Veramente, io avrei voluto suonare la batteria, cosa che non mi è stata possibile in quanto strumento rumoroso. Mamma, quando vide la mia passione per la musica, mi diede in mano ad un insegnante di sax, che fortunatamente sparì dopo tre lezioni. I miei cugini, da Milano, si trasferirono a Modena, e cominciarono a frequentare la scuola di musica del maestro Bononcini., quello fu il “LA” per mia madre, che mi costrinse ad andare a studiare canto, seguito poi da un “improbabile” consiglio ad unire il canto allo studio della chitarra, cosa che non mi fece felice. La stessa scuola era frequentata da Vasco Rossi. Diventammo amici, quindi il canto, era una specie di competizione tra noi, la chitarra NO, tanto che un pomeriggio d’estate, invece di preparare la lezione, “studiavo” fumetti, tanto che mia madre, accorgendosene, ed avendo un carattere un po’ particolare, decise di spaccarmi quella chitarra fra capo e schiena. Da lì, non so se la paura o la botta, fu complice di un mio legame patologico alla chitarra.

La sua esperienza più bella?

Sicuramente, a undici anni, quella di lavorare nei night accompagnando gli strip- tease. Imparai sacco di cose, sia musicalmente, suonando ore ed ore, sia facenti parte della vita.

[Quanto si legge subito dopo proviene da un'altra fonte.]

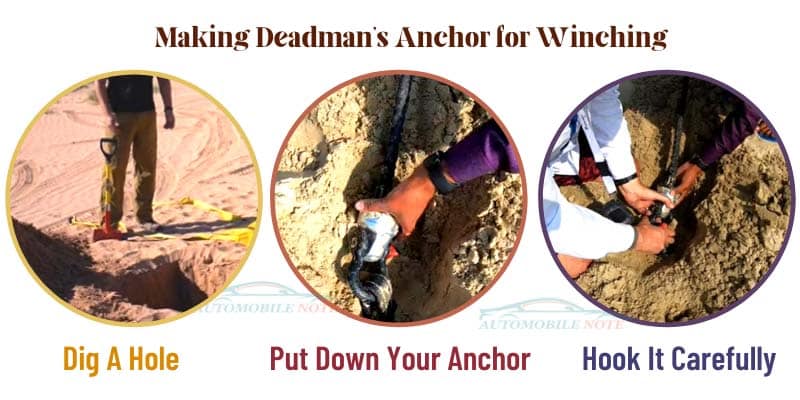 Making Deadman's Anchor for Winching
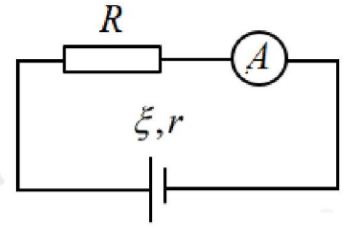 Cho mạch điện như hình vẽ, bỏ qua các điện trở dây nối và ampe kế, ξ=3V;r=1Ω,  ampe kế lí tưởng chỉ 0,5A. Giá trị của điện trở R là: 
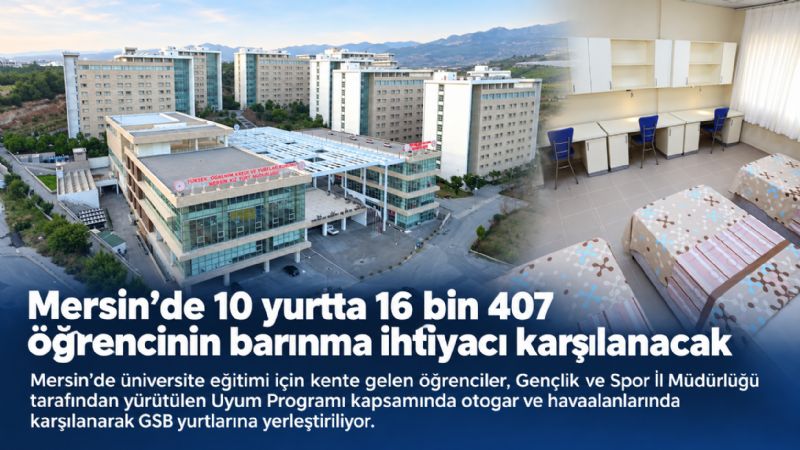 Mersin’de 10 yurtta 16 bin 407 öğrencinin barınma ihtiyacı karşılanacak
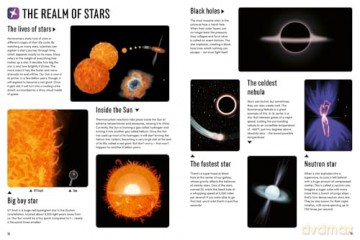 Spacemania: Encyclopedia of the Universe - Pavel Gabzdyl [KSIĄŻKA]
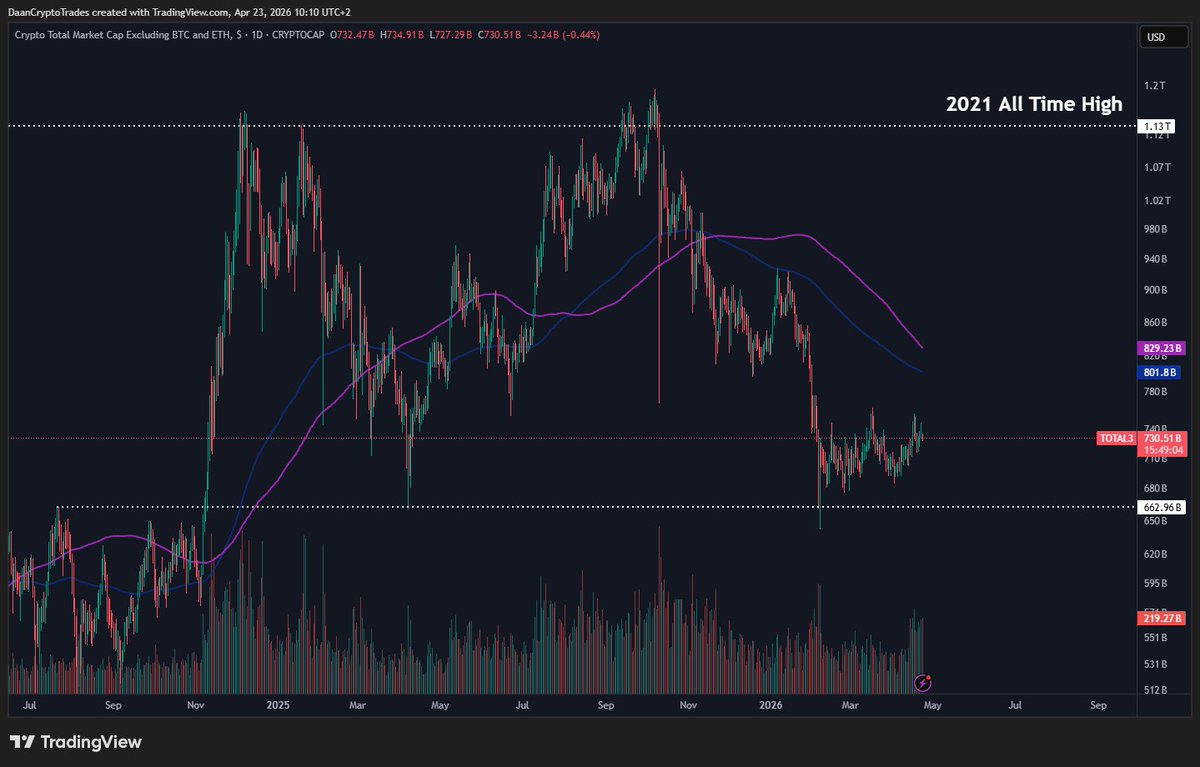 Daan Crypto Trades tweet media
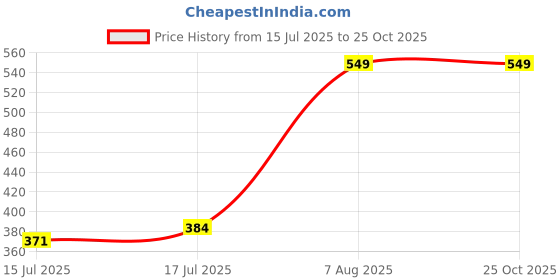 ajio.com fig Padded Non Wired Fashion T-Shirt Bra TS01 fig Price History Graph from 15 Jul 2025 to 24 Oct 2025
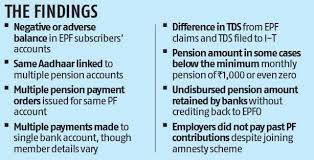 The epf interest rate of india is decided by the central government with the consultation of the central board of trustees. Epfo Audit Shows Serious Gaps In Management Of Provident Fund Accounts Business Standard News
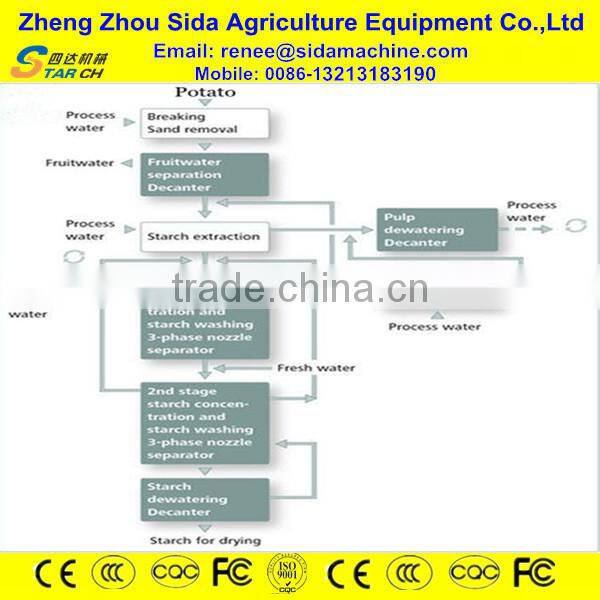 24 Hours Working Continuously Starch Extraction Potato Machine with Low Price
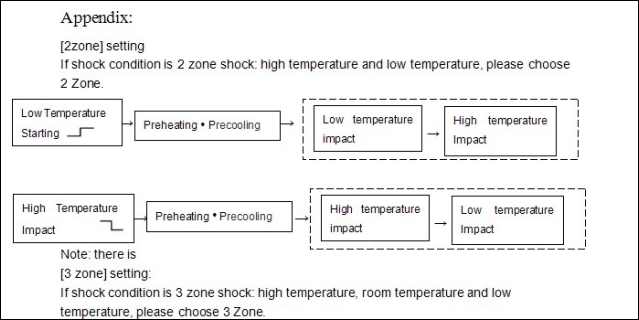 Thermal Shock Chamber Hot and Cold Impact Model Introduction Thermal Shock Chamber Hot and Cold Impact Model Introduction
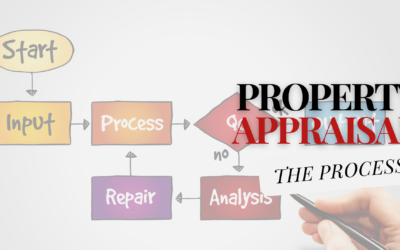 Property Appraisal Process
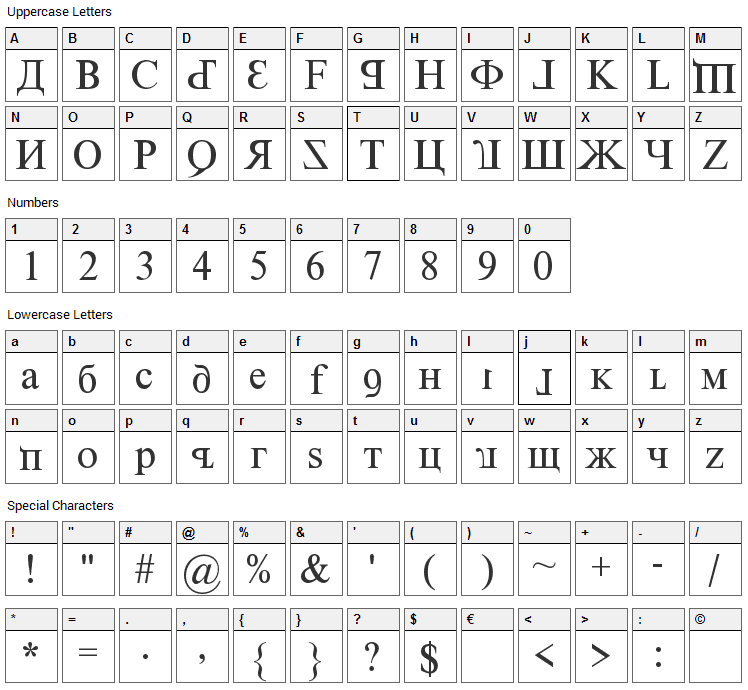 Kremlin Premier Font Character Map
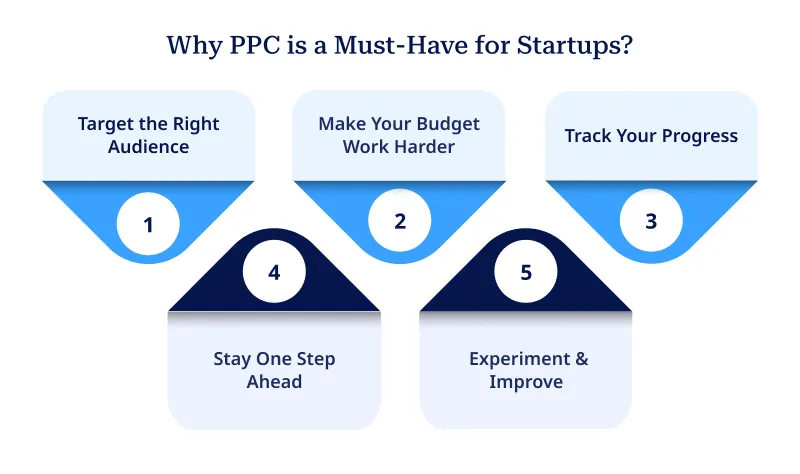 Why PPC is a Must Have for Startups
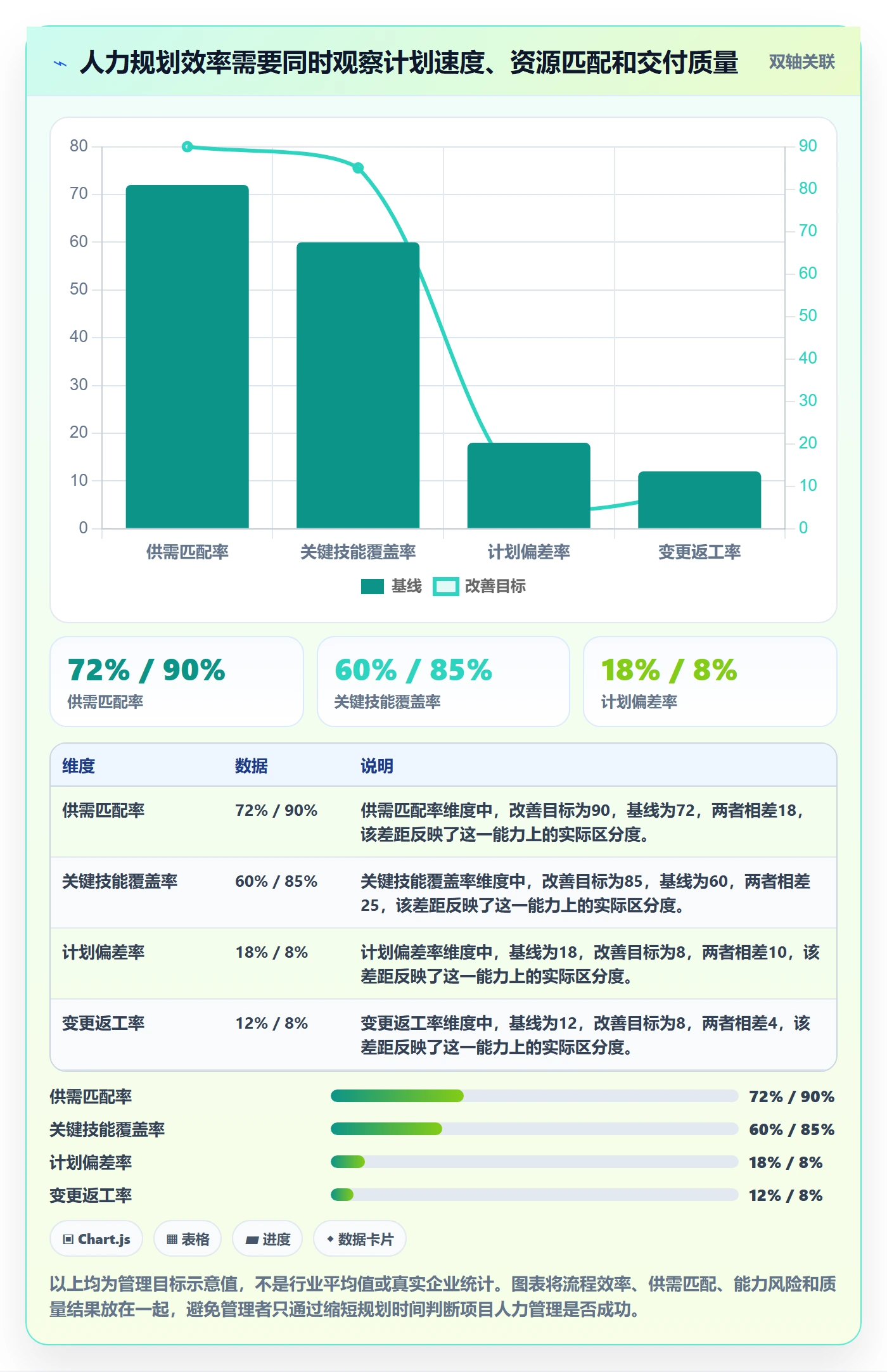 人力规划实操方法:研发团队提升人力资源计划效率的效率提升方法与模板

Che cosa ha rappresentato per lei Lucio Dalla?

Lucio è stato una parte della mia famiglia, trentatré anni sono tanti. Lucio è stato un maestro, e la sua intelligenza, ha fatto in modo che lo diventassi anche io nei suoi confronti. Ci siamo scambiati gli insegnamenti. Mi ha fatto capire che la musica non è un dover stupire gli altri, ma un’emozione da trasmettere, un raccontare la propria interiorità attraverso le note, le parole, i gesti.

Cosa le ha lasciato un artista come lui?

La responsabilità di non “usare” la musica per fare cazzate. Come sei “profondo” nei tuoi concetti, quando ti esprimi, tanto lo devi essere nella musica.

Il vostro lavoro del cuore?

Dalla, Lucio Dalla, DallAmeriCaruso. Tre album difficili da dimenticare, tre album, che io credo, un giorno si studieranno a scuola, per la loro poesia, i contenuti, le emozioni.

Quando tutto ebbe inizio?

Quando il mio batterista, grande amico, persona fantastica Angelo Degli Esposti, cominciò a lavorare per Bibi Ballandi, grande agenzia teatrale di Bologna. In un periodo di crisi economica mia, mi propose di presentarmi a Lucio che stava cercando un chitarrista, lo feci, era mercoledì, lo incontrai dopo il suo concerto, mi guardo senza parlare, ci fu un silenzio imbarazzantissimo, poi esordi dicendomi “io abito in via delle Fragole a Bologna, domani alle 15.00 a casa mia per le prove”. Venerdì ero sul suo palco al teatro Uomo a Milano.

Oggi chi è Ricky Portera?

Quando hai il complesso di Peter Pan, è difficile sganciarsi da esso, ma il raziocinio acquisito, mi ha portato a vedere le cose in maniera più obiettiva. I colpi di testa, per fortuna, non mancano, ma forse c’è il “dopo” che ti fa capire che magari hai fatto una stronzata, e ancora per fortuna, dopo averla fatta. Non voglio avere freni.

(Uffcio stampa)

Cosa direbbe al giovane Ricky Portera?

Accetta qualche compromesso in più, non è peccato, magari avresti una villa e non staresti più in affitto.